**Dataset entries**
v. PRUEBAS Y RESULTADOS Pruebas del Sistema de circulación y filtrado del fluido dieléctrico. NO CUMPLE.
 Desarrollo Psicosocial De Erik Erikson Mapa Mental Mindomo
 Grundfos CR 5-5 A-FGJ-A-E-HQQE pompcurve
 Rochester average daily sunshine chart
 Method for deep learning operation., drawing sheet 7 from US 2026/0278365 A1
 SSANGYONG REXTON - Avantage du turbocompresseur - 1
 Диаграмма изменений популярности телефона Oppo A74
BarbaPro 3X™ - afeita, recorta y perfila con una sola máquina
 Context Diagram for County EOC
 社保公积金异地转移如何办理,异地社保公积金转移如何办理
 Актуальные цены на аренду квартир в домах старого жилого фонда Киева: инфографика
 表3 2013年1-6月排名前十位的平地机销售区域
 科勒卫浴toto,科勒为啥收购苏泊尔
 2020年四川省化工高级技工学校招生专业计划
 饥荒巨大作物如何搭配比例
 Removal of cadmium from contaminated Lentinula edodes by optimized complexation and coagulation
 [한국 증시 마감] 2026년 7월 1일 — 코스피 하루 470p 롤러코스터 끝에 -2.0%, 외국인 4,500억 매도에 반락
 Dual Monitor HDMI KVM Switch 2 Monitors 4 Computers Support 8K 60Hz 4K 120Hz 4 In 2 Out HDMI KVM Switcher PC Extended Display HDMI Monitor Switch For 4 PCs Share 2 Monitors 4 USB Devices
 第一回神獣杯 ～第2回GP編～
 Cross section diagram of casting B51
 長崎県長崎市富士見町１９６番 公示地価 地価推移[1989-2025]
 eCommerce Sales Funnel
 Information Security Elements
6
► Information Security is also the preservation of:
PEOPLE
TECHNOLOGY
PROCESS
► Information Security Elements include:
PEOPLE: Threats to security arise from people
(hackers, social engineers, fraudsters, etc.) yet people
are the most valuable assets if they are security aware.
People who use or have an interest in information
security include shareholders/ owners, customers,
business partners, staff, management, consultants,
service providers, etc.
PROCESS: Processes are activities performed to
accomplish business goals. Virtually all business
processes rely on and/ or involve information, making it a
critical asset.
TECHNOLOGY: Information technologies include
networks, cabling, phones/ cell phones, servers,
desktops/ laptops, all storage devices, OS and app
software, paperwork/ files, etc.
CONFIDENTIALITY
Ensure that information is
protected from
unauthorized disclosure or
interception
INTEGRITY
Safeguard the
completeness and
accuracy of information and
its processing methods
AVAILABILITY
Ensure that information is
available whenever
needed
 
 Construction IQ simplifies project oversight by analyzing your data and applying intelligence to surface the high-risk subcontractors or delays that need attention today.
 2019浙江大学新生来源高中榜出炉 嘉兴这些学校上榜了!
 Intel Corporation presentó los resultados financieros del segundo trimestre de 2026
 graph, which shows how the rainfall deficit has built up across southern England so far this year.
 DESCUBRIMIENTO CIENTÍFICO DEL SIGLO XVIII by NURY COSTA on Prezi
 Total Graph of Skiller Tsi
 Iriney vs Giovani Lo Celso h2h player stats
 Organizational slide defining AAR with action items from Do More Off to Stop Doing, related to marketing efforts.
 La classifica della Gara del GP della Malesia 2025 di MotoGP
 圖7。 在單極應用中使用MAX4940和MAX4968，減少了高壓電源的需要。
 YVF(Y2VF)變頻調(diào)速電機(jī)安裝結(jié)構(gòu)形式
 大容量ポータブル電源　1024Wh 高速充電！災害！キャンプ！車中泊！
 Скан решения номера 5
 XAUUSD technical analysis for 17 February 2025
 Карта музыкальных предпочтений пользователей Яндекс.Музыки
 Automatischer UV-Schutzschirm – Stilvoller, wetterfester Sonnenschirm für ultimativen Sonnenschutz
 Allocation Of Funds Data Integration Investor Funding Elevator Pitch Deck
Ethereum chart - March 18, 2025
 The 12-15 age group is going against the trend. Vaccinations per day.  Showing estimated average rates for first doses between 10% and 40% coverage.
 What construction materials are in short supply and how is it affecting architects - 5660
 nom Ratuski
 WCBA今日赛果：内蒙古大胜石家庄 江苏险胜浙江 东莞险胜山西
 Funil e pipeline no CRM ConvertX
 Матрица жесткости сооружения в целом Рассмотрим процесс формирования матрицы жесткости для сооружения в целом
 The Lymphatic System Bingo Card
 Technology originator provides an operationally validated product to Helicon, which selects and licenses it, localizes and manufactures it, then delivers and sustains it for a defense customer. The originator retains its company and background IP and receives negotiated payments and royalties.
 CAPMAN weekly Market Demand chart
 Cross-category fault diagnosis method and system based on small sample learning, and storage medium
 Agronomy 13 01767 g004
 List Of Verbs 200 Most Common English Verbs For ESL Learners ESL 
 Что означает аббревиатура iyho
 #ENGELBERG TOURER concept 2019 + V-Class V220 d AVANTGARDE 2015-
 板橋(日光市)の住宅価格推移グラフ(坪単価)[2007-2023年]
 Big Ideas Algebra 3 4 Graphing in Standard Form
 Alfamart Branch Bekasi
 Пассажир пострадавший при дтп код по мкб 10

**Task goal**
In the entries above, find each line with the word "learning" and return it.

**Answer**
 Method for deep learning operation., drawing sheet 7 from US 2026/0278365 A1
 Cross-category fault diagnosis method and system based on small sample learning, and storage medium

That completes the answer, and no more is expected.